政権交代が起きないまま自民党政権が38年続いた政治システムを我々は「1955年体制」と呼んだ。55(昭和30)年当時、世界は米国とソ連の冷戦の真っただ中。自民党は「改憲・保守・安保護持」を標榜(ひょうぼう)。野党は「護憲・革新・反安保」を叫び、何やら「米ソの代理戦争!」という雰囲気だった。
で、今の日本はどうか? 2012年12月26日から7年8カ月続いた安倍政権。そして菅政権、岸田政権......。自民1強の政治システムはまさに「2012年体制」だ。
「55年体制」の時には社会党、民社党、共産党(時には公明党)が「自民独裁」にブレーキをかける役割を果たしていたが、「12年体制」の下で野党はバ〜ラバラ、自民党のやりたい放題である。
森友学園問題、加計(かけ)学園問題、桜を見る会問題、検察官定年延長問題、カジノ汚職、河井夫妻による買収事件......。次々にスキャンダルが起き、首相の刑事責任まで追及される事態になっても「時の権力」は法の支配を歪(ゆが)め、説明責任を放棄して「全く問題ない!」で済ましてしまう。「独裁」だ。
メディアの多くはこのところ「権力」を批判するどころか「ちょうちん報道」のオンパレード。(僕から見れば)北朝鮮と同じだ。

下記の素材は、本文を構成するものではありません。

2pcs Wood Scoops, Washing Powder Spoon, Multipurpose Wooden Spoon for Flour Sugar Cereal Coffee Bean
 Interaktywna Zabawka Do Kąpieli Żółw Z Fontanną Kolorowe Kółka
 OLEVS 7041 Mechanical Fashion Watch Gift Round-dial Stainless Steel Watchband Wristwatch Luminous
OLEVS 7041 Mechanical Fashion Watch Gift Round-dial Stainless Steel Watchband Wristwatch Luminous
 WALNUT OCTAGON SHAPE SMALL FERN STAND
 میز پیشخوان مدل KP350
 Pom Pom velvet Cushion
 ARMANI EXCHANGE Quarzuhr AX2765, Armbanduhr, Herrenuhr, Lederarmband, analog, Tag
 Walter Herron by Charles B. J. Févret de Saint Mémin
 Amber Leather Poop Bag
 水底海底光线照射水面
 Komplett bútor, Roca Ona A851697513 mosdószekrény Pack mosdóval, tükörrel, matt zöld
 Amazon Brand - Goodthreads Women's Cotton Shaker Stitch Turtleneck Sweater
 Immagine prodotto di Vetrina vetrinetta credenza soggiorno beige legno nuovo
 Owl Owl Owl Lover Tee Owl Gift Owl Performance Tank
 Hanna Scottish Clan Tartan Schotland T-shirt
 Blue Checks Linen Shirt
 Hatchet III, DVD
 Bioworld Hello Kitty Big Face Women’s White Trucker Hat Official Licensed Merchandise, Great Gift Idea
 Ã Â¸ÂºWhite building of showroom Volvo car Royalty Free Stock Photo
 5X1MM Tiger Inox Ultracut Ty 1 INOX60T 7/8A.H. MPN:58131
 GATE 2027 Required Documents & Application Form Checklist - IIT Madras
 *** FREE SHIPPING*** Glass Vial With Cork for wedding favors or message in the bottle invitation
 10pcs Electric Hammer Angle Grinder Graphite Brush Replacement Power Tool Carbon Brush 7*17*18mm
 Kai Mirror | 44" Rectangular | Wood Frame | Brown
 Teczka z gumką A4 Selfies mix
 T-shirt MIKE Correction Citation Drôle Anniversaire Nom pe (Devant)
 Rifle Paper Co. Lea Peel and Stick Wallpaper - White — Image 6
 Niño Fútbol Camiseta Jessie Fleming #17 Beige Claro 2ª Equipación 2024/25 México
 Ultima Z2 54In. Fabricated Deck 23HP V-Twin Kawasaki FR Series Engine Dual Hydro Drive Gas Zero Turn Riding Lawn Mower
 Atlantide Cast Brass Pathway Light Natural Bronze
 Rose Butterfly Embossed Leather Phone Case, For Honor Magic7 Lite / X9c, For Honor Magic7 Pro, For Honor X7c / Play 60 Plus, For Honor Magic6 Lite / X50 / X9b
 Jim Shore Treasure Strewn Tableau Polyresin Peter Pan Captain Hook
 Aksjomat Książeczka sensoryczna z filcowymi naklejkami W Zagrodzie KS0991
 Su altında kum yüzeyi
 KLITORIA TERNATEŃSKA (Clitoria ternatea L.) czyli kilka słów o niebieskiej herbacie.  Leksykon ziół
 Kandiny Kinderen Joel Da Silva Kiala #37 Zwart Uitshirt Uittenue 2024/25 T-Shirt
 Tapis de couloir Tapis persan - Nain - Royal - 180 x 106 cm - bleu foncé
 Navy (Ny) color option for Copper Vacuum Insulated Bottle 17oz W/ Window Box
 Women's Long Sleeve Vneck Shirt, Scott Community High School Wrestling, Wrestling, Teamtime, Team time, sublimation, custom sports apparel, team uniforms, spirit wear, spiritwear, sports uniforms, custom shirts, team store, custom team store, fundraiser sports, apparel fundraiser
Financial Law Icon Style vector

「12年体制」は憲法だって平気で無視する。最も腹が立ったのは......。憲法53条に「内閣は、国会の臨時会の召集を決定することができる。いづれかの議院の総議員の四分の一以上の要求があれば、内閣は、その召集を決定しなければならない」とある。ところが17年6月22日、野党が召集要求を提出すると、安倍内閣は9月28日に「召集する」と閣議決定。国会は召集されたが、アッと驚く冒頭解散。国会審議は無くなった。
手品である。
常々、権力から懐柔されているんだろう。メディアは「憲法無視」を指摘することもなく「与野党の政治的駆け引き」として報じた。
最近、「体制」はロシアとウクライナの戦争で「悪いのはプーチン!」の世論操作。確かにプーチンは極悪人だが、「これを機に、防衛費を国内総生産(GDP)比2%以上に!」と叫ぶ自民党の言い分も度を超えている。だというのに、多くのメディアが「軍備の爆買い」を容認する構えだ。
長々と「小難しいこと」を書いたが、読者も薄々「法治主義」が崩壊した「12年体制」の存在に気づいているはず。何も言わないのは「仕方ない」と諦めているからだろう。でも、諦めてしまうのは「奴隷根性」じゃないか?
我々が「奴隷根性」から解放されなければ、「12年体制」はさらに強固になる。過激な言い分だが、参院選は「奴隷解放」の戦いだ!